Hodgson Russ Newsletter
July 31, 2017

Salvatore Arnone, a New York resident, was seriously injured in an accident and began collecting long-term disability benefits under a plan sponsored by his employer and insured by Aetna. He sued those allegedly responsible for his injuries in New York state court and settled the lawsuit for $850,000. Following the settlement, Aetna drastically reduced Arnone’s disability benefits, citing a plan provision allowing the offset of “other income benefits.”

Arnone sued Aetna to recover the offset benefits, relying upon a New York state anti-subrogation law, N.Y. Gen. Oblig. Law §5-335 (“Section 5-335”), which provides that personal injury settlements are “conclusively presumed” not to include “any compensation for the cost of health care services, loss of earnings or other economic loss” that “have been or are obligated to be paid or reimbursed by an insurer.” Aetna’s defense consisted primarily of two prongs: (1) that ERISA preempted application of Section 5-335; and (2) that the plan’s choice of Connecticut law forbade the application of Section 5-355.

The Second Circuit reversed the district court’s judgment for Aetna. The panel held that Section 5-335 regulates insurance, and is saved from preemption by ERISA’s clause exempting from preemption, “any law of any State which regulates insurance.”  

Finding Aetna’s choice of law provision “insufficient to bind this court to apply the full breadth of Connecticut law”, the Second Circuit limited its application to the interpretation of the language in the insurance contract. As no term of Section 5-335 purported to “construe” the plan, the panel held Aetna’s choice of law provision was inapplicable.

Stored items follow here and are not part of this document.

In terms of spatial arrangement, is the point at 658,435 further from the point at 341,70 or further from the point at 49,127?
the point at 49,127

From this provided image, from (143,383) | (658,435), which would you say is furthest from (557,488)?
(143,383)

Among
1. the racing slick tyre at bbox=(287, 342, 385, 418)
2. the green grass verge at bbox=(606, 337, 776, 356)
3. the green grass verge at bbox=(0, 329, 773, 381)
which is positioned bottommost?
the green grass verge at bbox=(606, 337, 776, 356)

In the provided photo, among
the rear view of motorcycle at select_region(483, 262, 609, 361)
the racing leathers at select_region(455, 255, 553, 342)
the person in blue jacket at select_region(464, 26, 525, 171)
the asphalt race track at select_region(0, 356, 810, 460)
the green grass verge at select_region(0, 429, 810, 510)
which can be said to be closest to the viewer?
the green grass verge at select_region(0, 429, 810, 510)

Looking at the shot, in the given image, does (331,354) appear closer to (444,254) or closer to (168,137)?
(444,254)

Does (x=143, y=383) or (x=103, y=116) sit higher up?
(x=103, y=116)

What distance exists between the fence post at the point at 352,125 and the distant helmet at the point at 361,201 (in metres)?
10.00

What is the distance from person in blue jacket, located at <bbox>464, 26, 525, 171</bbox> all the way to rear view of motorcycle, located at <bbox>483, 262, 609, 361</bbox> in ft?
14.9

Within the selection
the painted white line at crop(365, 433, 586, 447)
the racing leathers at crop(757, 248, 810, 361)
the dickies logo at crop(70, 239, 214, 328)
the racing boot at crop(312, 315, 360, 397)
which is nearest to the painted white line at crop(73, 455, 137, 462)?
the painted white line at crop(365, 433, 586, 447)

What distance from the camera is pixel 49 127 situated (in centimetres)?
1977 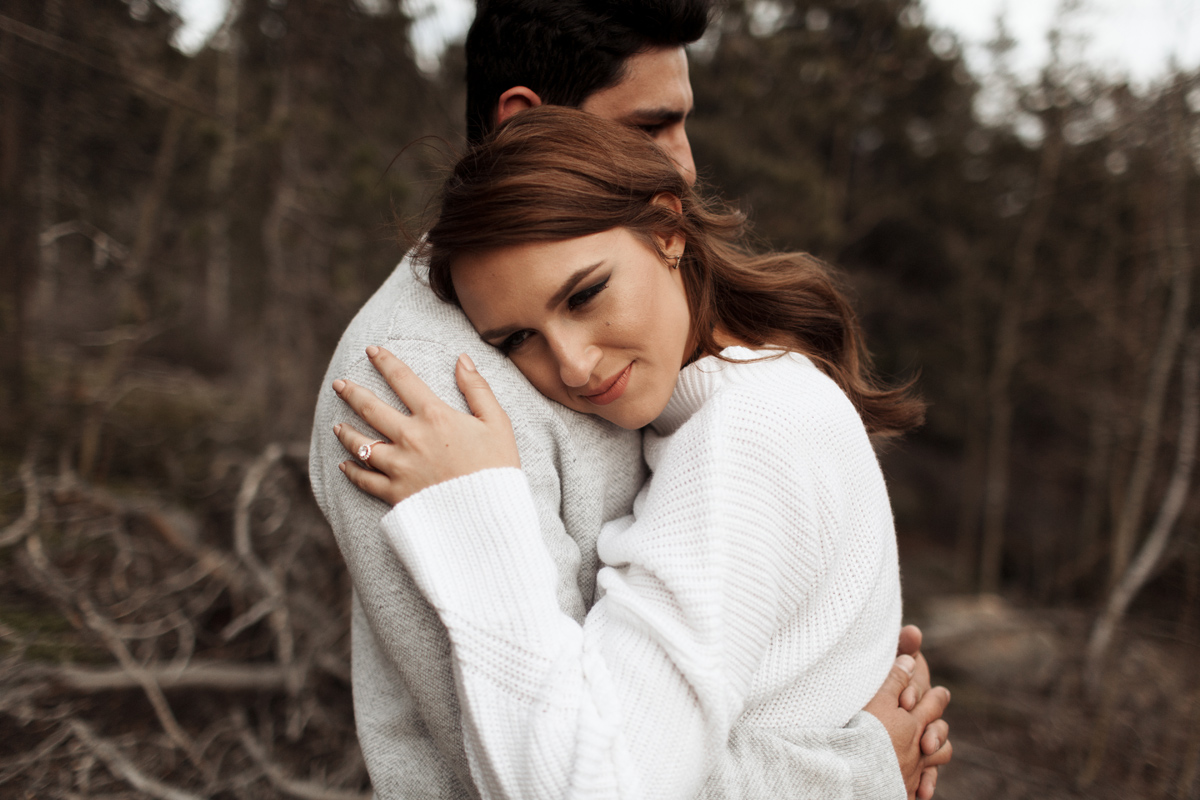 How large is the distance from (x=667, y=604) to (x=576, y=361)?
459mm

Ruling in Arnone’s favor, the Second Circuit held that “[S]ection 5-335 provides a legal rule of proof, external to any plan documents, regarding personal injury settlements…around which the parties cannot contract.” Section 5-335 prohibited Aetna’s offset action as a matter of law, thereby rendering its offset decision arbitrary and capricious. Arnone v. Aetna Life Ins. Co. (2nd Cir. 2017)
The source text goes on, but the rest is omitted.